Here is my CVX code, but it failed with the error: Illegal operation: log( {convex} ).

M = 10;
v = [18;6];
cvx_begin quiet
variables a2
variables p(2,1)
maximize a2
subject to
a2 <= sum( log(sqrt(p.*v.*(1-p+v)))/log(2) + log((p-1).^2)/log(2) );
sum(p) <= 10;
p >= 0.001;
p <= v;
cvx_end

log(sqrt(p.*v.*(1-p+v))) is a concave function and log((p-1).^2) is also concave, whose second derivative is -2/(-1 + p)^2. However, my code failed with the error “Illegal operation: log( {convex} )”.

I deleted the log((p-1).^2) part, and the optimization problem can be solved. In addition, I transformed the log((p-1).^2) part into 2*log(p-1), it also works with p>1. But p is greater than 0 in the original problem. When I let M=1, it failed again.
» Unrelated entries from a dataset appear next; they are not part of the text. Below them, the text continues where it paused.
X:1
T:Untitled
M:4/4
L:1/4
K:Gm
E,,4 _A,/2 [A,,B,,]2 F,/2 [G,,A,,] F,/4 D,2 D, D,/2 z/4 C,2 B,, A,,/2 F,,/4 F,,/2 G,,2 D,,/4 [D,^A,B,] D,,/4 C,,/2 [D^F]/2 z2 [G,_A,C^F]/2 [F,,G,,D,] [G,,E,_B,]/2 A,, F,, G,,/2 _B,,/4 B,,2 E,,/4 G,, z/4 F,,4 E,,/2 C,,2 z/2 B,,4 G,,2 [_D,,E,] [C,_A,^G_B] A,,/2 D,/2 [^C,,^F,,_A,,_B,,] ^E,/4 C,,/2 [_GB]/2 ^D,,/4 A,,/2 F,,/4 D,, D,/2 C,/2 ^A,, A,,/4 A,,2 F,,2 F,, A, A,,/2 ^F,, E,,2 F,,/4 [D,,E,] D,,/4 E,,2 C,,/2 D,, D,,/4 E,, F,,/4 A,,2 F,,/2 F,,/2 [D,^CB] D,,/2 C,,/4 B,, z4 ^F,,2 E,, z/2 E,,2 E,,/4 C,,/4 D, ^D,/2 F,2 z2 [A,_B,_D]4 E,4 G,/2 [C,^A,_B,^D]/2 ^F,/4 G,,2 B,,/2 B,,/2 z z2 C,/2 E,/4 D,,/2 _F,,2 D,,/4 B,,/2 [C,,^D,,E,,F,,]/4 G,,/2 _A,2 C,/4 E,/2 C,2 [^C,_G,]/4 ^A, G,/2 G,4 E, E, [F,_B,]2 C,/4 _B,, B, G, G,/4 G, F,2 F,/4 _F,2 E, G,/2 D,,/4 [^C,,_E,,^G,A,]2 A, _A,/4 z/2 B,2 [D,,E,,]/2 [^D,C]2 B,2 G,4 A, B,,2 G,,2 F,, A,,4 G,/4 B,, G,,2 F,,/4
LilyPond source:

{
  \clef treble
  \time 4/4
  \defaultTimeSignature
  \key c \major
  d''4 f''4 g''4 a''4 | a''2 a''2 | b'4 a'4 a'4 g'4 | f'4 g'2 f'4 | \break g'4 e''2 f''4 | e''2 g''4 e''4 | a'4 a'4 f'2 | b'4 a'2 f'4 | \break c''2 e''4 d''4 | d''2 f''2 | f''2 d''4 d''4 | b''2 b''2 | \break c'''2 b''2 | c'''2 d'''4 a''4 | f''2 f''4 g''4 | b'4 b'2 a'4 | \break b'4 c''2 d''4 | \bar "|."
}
So how to express the problem or rewrite log((p-1).^2) properly in CVX?
I really appreciate your generous help.

Thanks for your reply! But p is a two-dimensional variable in my problem. Sorry for misleading you with my inaccurate description above. In some situations, such as v=[1000,0.3], the optimal p obtained by exhaustive searching is p=[9.7,0.3], which can not be solved by my code with 2*log(p-1) or 2*log(1-p) . I don’t know how to deal with it. Thanks again for your help.

You could still use basically the same idea, except there would be 4 separate problems, one for each combination of each of the 2 elements of p being >= 1 or <= 1. You can write out the terms explicitly, rather than using sum, in order to accommodate the mixed cases of one element of p being >= 1 while the other element of p is <= 1.